Problem statement: Find the line containing "Photo 11 VIN: 5FNYF8H56NB001906", then print it and each line after it through the end of the listing exactly, with no pictures.

Records for this task:

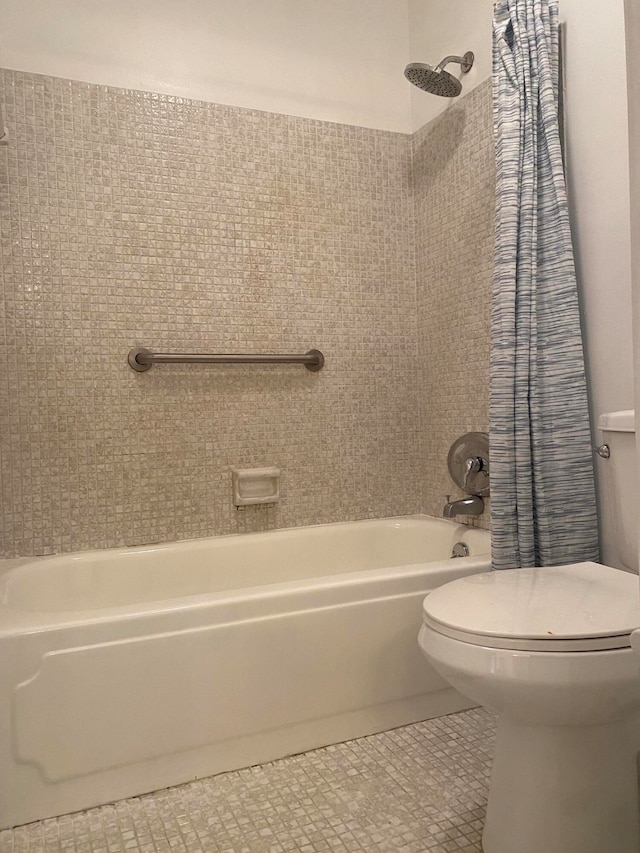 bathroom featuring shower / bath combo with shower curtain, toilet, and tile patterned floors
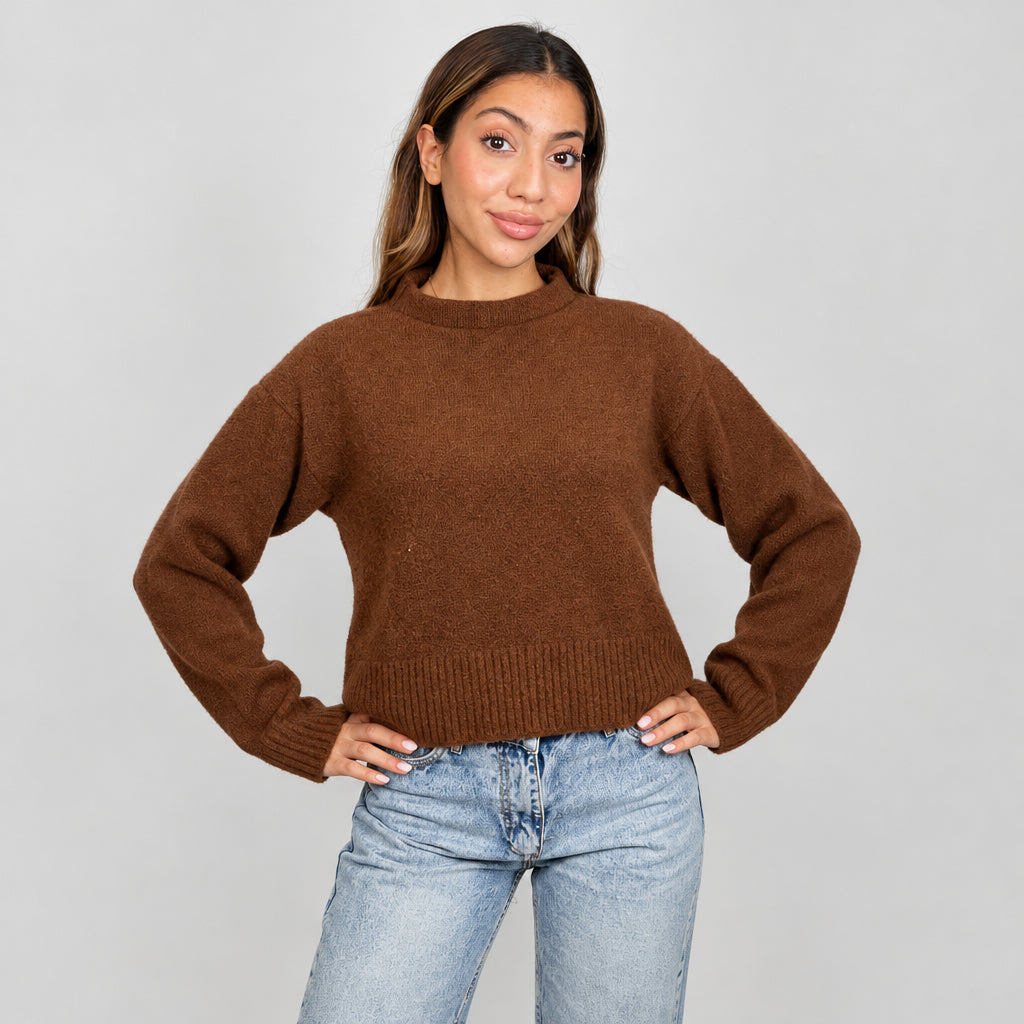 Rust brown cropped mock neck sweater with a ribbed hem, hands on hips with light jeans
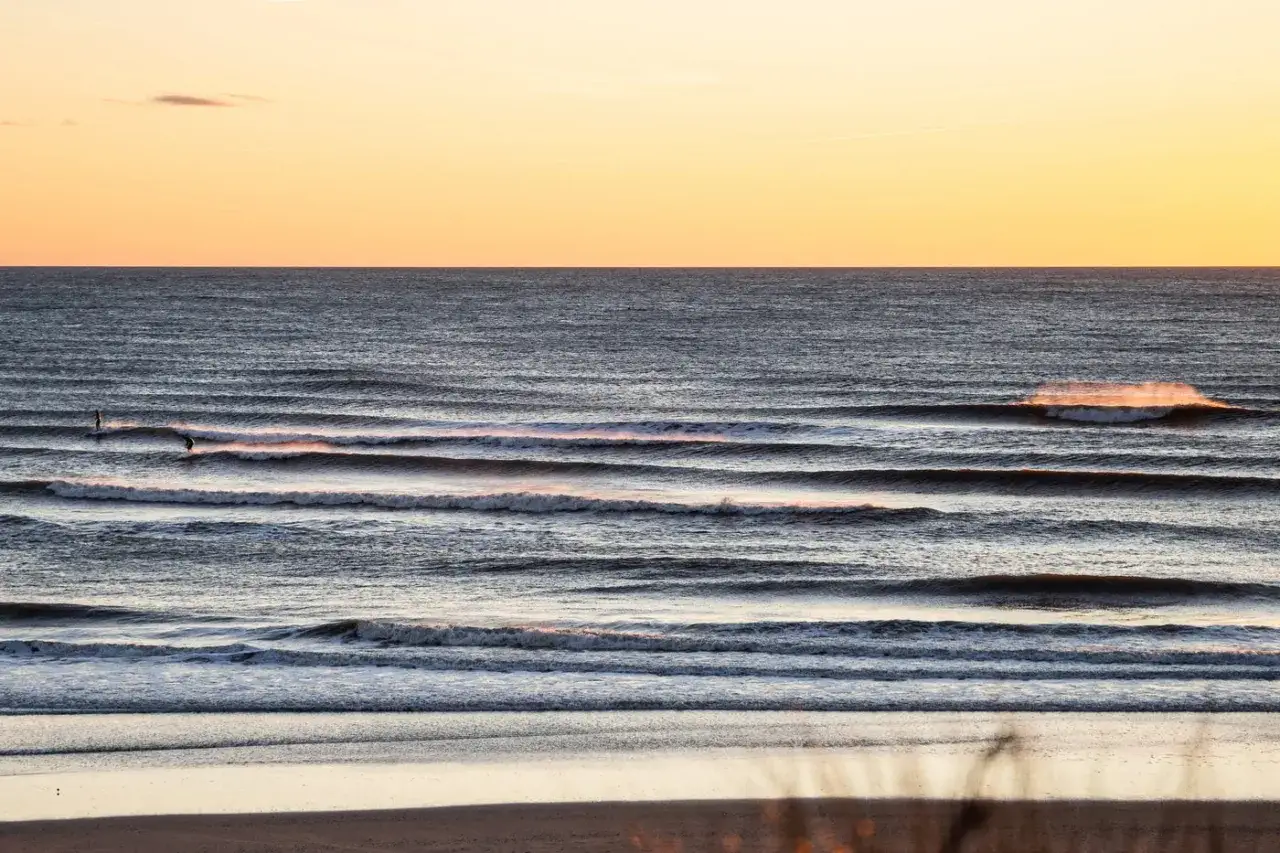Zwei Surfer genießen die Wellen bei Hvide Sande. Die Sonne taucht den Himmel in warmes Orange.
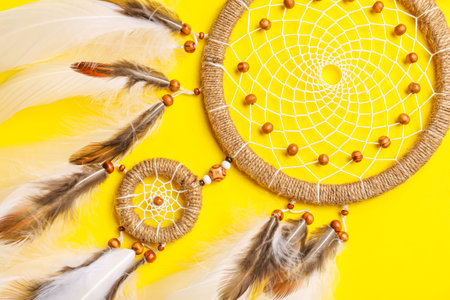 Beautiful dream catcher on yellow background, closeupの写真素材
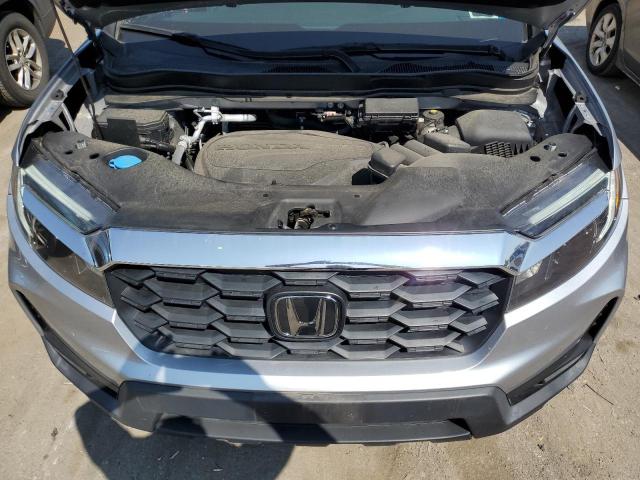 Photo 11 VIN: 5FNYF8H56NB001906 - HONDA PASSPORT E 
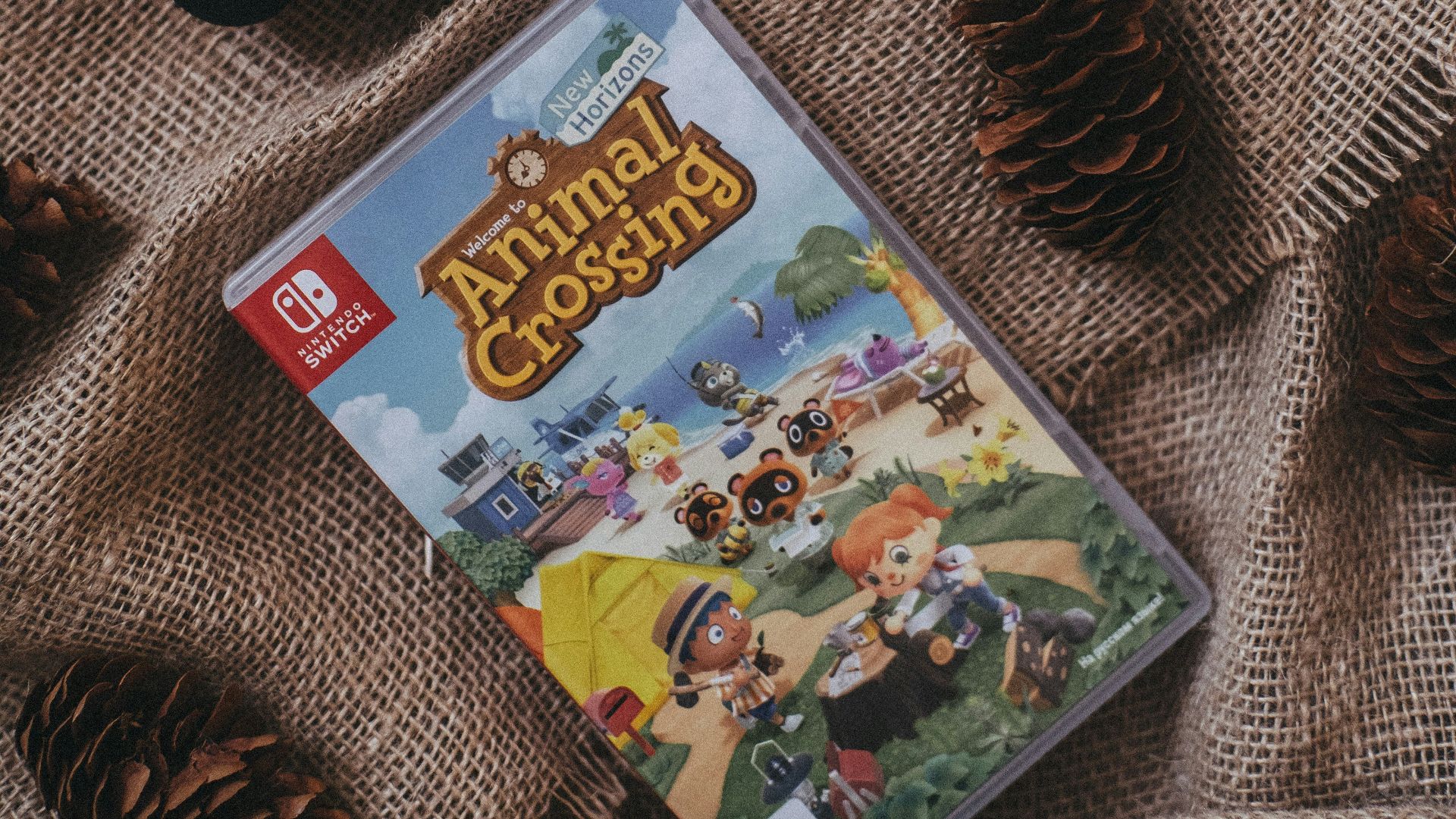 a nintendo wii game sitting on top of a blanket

Response:
 Photo 11 VIN: 5FNYF8H56NB001906 - HONDA PASSPORT E 
 a nintendo wii game sitting on top of a blanket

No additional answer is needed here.